#### What is being asked:
Looking at the listing below, retype exactly the lines starting at the one containing "Tiffany Sterling Silver" and ending at the one containing "Mexican Cinco De", both included, and nothing else.

====

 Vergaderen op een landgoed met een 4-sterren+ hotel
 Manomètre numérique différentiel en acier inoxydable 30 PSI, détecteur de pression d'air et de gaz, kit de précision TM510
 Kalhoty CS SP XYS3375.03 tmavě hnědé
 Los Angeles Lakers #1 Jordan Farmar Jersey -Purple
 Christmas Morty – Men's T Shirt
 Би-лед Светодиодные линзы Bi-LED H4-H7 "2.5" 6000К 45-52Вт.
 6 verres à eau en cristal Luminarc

====

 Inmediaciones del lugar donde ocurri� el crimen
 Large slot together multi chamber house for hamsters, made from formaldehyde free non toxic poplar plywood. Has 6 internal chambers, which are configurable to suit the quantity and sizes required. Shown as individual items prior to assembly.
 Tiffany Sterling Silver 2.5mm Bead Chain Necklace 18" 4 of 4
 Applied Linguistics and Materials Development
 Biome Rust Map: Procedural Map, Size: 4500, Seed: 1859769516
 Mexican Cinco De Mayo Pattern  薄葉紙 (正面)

====

#### Result of this task:
 Tiffany Sterling Silver 2.5mm Bead Chain Necklace 18" 4 of 4
 Applied Linguistics and Materials Development
 Biome Rust Map: Procedural Map, Size: 4500, Seed: 1859769516
 Mexican Cinco De Mayo Pattern  薄葉紙 (正面)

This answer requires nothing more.